From the spotlight on: Blind Guardian were fantastic. They said they’d play their whole Imaginations from the Other Side album, which made me happy on the one hand because I love that album, but also sad as their other albums have songs I’d wanted to hear. All the happier I was when as closing they picked my all-time favorite from the band, Mirror Mirror. I think if someone told me to summon a patronus (which, according to Pottermore, would be a black swan) I’d recall moment to pull it off.

My second priority were Queensryche. I’m nowhere near as educated in their discography as I maybe should be, but I still knew most of the songs they picked for the show.

Then on to a huge letdown, Rage. They played not a single song I knew, and even the ones they picked, the performance was lacking at best. It felt like the guitarist hasn’t played any of them before and it felt like all solos were just a beginner’s attempts failing sadly.

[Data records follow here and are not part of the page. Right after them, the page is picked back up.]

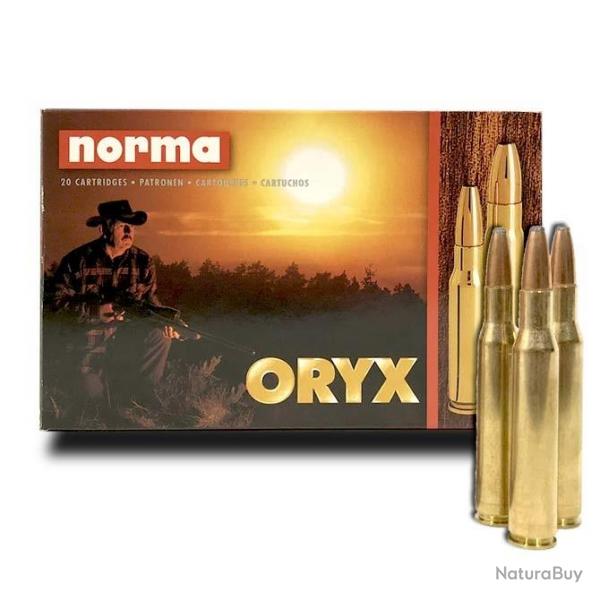 Balle Norma Oryx Calibre 270 Win - 150 Grs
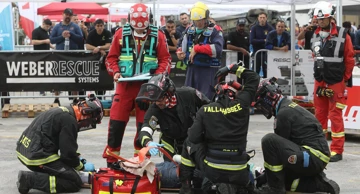 World Rescue Challenge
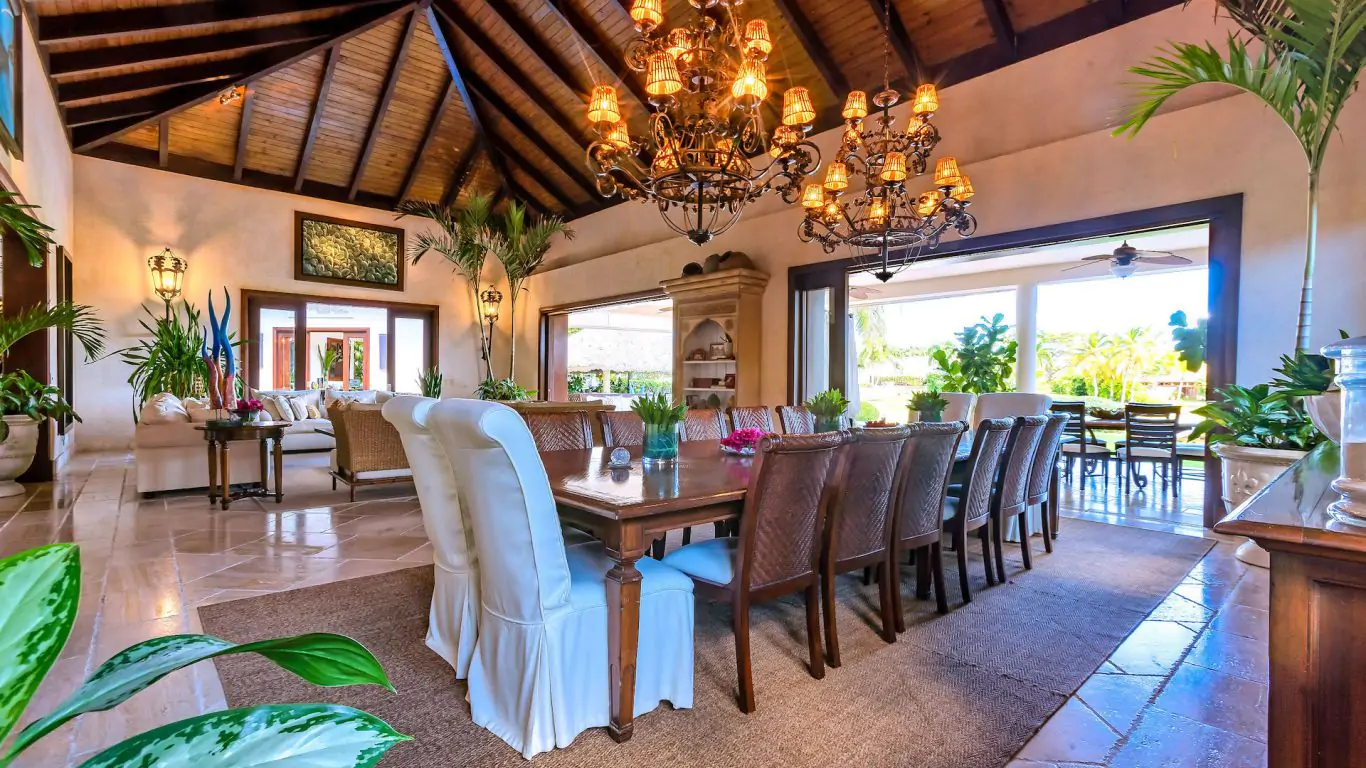 Casa Oasis | Casa De Campo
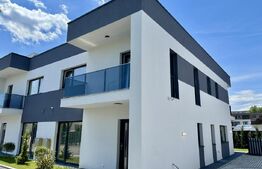Duplex ultrafinisat la cheie, zona Somesului, Floresti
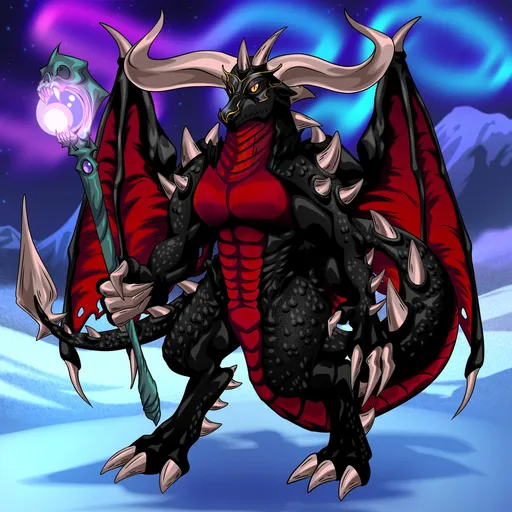 Dragon Lords: Evolved #132 image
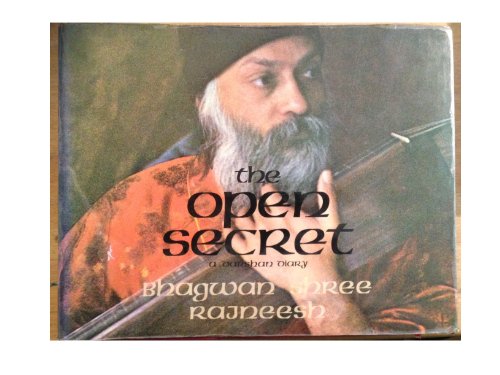9780861260980: Open Secret: A Darshan Diary
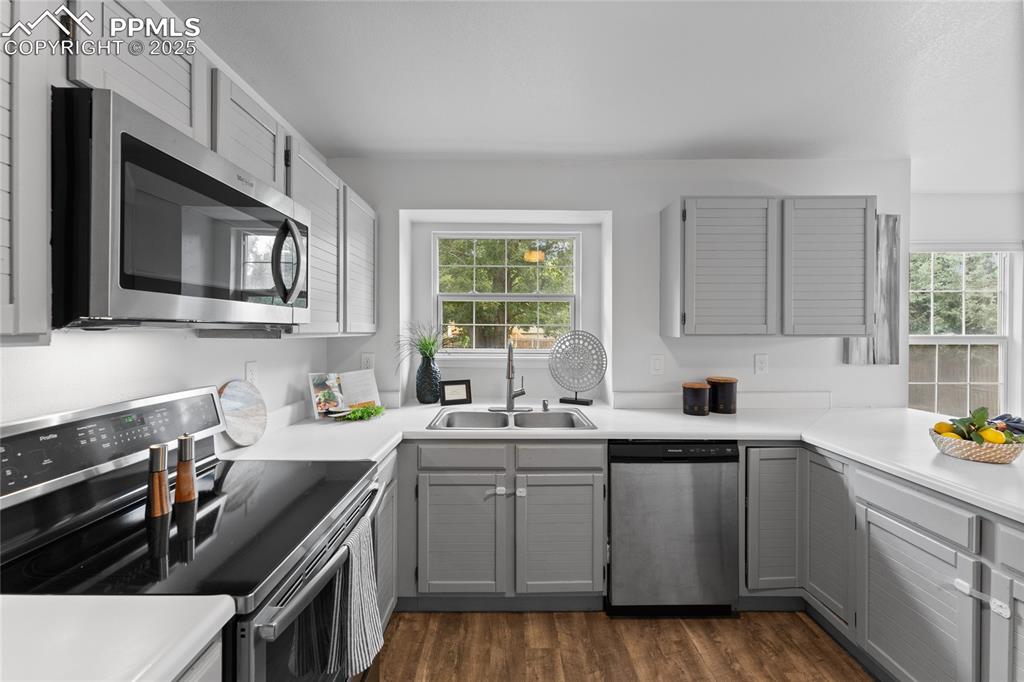 5807 Chokecherry Drive Colorado Springs CO 80919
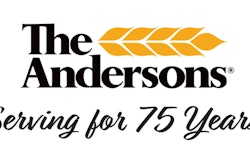 The Andersons Logo 75 years 2022
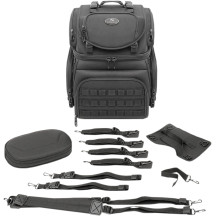 Bolsa Táctica BR3400 para Sissy Bar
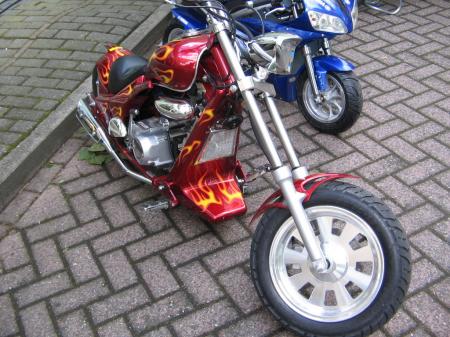 feest in motoport uithoorn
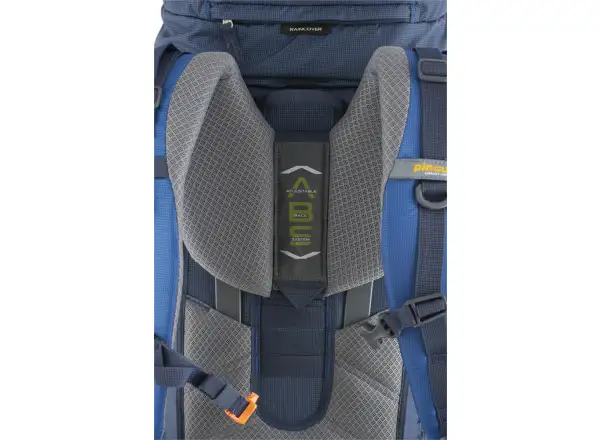 Pinguin Explorer 60 turistický batoh Nylon Navy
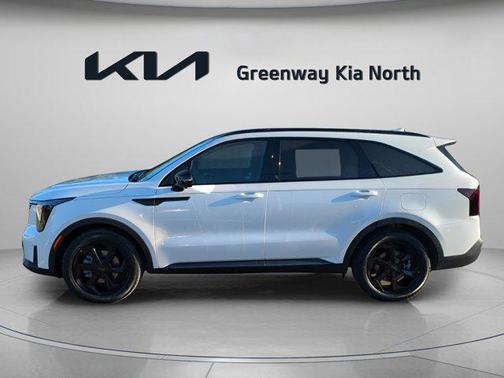 2026 Kia Sorento Hybrid SX Prestige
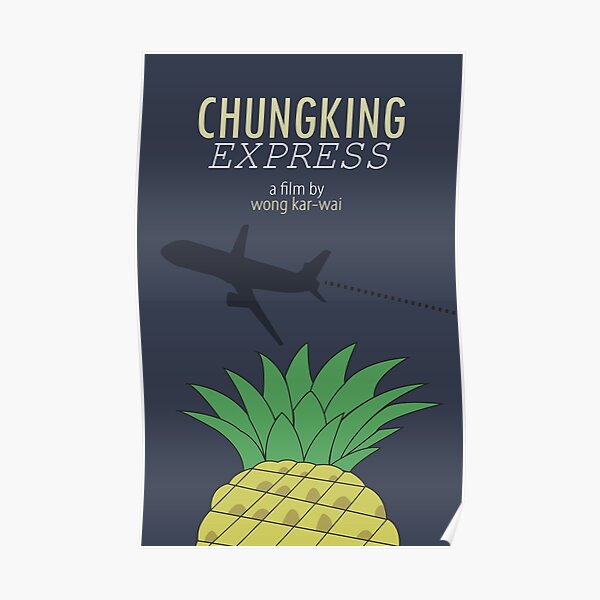 chungking express Poster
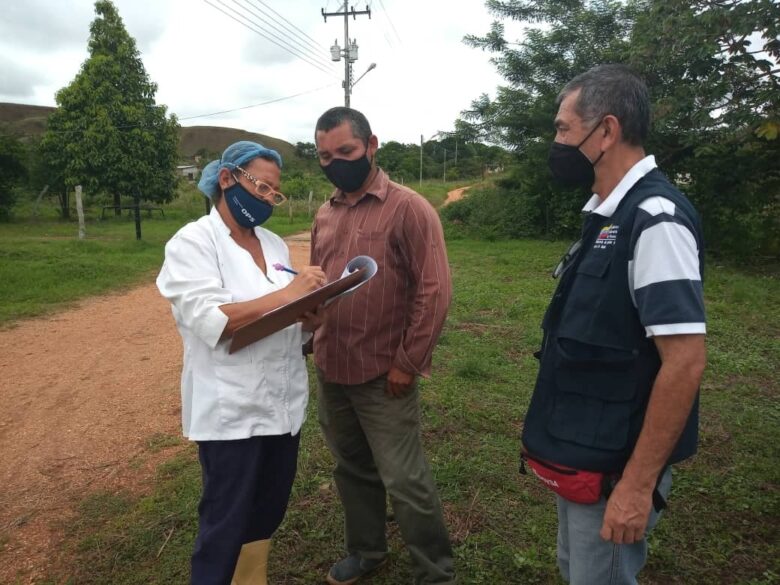 OPS confirma casos de fiebre amarilla en Venezuela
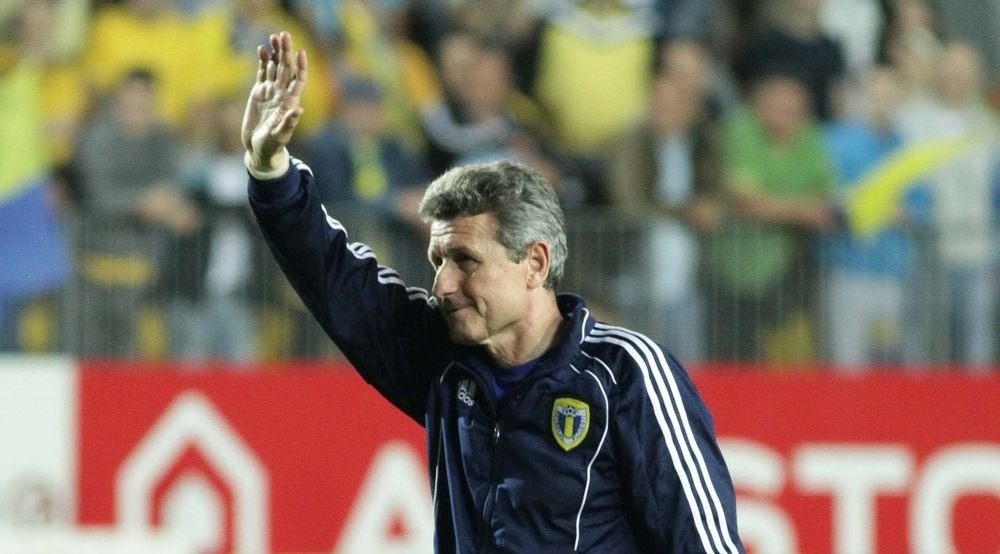 Multescu e noul antrenor de la Petrolul!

His shortcomings were highlighted even further by the majestic solos of Uli Jon Roth (both solo and with Scorpions). I’m not a guitarist and I don’t have much love for solos that consist of nothing but math-precise lightning-fast shredding up and down some scale. UJR’s solos (and also the solos of Whitesnake) were music, enjoyable as parts of songs.

Symphony X was a letdown too, in that sense too. They play math-progressive symphonic metal so I expected the solos at least. What I didn’t expect was the horrible soundwork. Overamplified worse than what I’d ever heard at even Sex Machineguns shows (the only gigs where my ears’d ache), in front of the stage I couldn’t even hear the vocals just the noise of the guitars and the blasts of the bass drums. Once in the back in the other side of the stadium, the volume and balance reached almost-enjoyable levels, but the experience was ruined once and for all. It was so bad I didn’t even recognize some of the songs I knew until halfway in.

I don’t want to sound negative, because I enjoyed Loud Park a lot. It’s just that it’s easier to complain lengthily than sing odes about how great a show was. And most of them were great. It’s been ages since I last saw Nightwish live, and while the singer’s changed again since then, their songs have not. As for Killswitch Engage, I just know the band by name, and what kind of music they play, but not a single one of their songs. The great thing about their kind of music is that if you’ve got a basic sense of rhythm you can go nuts nonetheless, they’re so moshable.

And that happened alright, so much my knees got wrecked and I could barely walk properly for a week afterward. It was a great party! Totally worth.